**INFORMATION SUPPLIED**
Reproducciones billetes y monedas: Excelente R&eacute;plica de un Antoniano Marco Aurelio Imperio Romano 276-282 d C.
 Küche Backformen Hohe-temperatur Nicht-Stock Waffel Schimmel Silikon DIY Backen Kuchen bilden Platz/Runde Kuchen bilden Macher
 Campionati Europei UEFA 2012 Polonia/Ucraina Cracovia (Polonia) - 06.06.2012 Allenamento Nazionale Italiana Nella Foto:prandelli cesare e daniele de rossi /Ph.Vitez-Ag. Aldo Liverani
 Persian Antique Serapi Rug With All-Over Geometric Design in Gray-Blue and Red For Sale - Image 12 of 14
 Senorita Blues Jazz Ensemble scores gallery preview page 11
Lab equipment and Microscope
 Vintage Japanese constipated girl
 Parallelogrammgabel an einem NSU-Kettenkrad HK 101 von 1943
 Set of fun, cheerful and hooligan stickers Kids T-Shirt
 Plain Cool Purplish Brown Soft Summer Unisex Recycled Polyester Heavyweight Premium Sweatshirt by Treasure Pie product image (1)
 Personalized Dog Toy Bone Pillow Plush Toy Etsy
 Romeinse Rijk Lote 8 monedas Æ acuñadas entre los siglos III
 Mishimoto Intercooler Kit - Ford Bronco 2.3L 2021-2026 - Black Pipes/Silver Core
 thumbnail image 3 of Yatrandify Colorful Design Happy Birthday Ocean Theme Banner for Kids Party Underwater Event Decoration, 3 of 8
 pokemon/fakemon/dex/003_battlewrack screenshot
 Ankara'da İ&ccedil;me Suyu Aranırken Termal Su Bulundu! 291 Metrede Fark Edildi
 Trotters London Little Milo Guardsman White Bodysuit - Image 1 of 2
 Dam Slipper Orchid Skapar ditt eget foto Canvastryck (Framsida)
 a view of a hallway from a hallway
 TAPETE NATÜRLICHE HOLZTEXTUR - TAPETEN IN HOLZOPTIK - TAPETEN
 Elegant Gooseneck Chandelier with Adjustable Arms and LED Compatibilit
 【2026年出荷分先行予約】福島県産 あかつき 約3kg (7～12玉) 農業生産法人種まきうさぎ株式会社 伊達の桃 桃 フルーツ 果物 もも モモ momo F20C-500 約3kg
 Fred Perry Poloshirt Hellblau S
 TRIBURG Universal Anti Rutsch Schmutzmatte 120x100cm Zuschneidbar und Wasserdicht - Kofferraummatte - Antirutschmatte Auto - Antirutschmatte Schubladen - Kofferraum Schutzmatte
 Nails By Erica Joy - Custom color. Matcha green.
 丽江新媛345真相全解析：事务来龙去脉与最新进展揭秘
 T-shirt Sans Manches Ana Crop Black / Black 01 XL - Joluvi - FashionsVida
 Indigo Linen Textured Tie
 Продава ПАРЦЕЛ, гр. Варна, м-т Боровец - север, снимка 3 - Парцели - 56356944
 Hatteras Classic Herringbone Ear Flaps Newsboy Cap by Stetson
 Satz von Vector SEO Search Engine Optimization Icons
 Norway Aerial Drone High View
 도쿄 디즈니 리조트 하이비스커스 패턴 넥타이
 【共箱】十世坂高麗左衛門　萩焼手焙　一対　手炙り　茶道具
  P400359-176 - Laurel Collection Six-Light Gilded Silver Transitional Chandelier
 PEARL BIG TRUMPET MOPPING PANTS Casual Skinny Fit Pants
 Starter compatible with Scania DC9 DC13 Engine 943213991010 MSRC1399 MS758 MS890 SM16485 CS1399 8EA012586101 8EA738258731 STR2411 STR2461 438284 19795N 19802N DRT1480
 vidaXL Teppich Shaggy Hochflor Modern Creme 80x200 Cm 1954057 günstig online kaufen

**WORK TASK**
Write out exactly the lines above between the line with "Campionati Europei UEFA" and the line with "Set of fun, cheerful", inclusive, and nothing beyond them.

**ANSWER BELOW**
 Campionati Europei UEFA 2012 Polonia/Ucraina Cracovia (Polonia) - 06.06.2012 Allenamento Nazionale Italiana Nella Foto:prandelli cesare e daniele de rossi /Ph.Vitez-Ag. Aldo Liverani
 Persian Antique Serapi Rug With All-Over Geometric Design in Gray-Blue and Red For Sale - Image 12 of 14
 Senorita Blues Jazz Ensemble scores gallery preview page 11
Lab equipment and Microscope
 Vintage Japanese constipated girl
 Parallelogrammgabel an einem NSU-Kettenkrad HK 101 von 1943
 Set of fun, cheerful and hooligan stickers Kids T-Shirt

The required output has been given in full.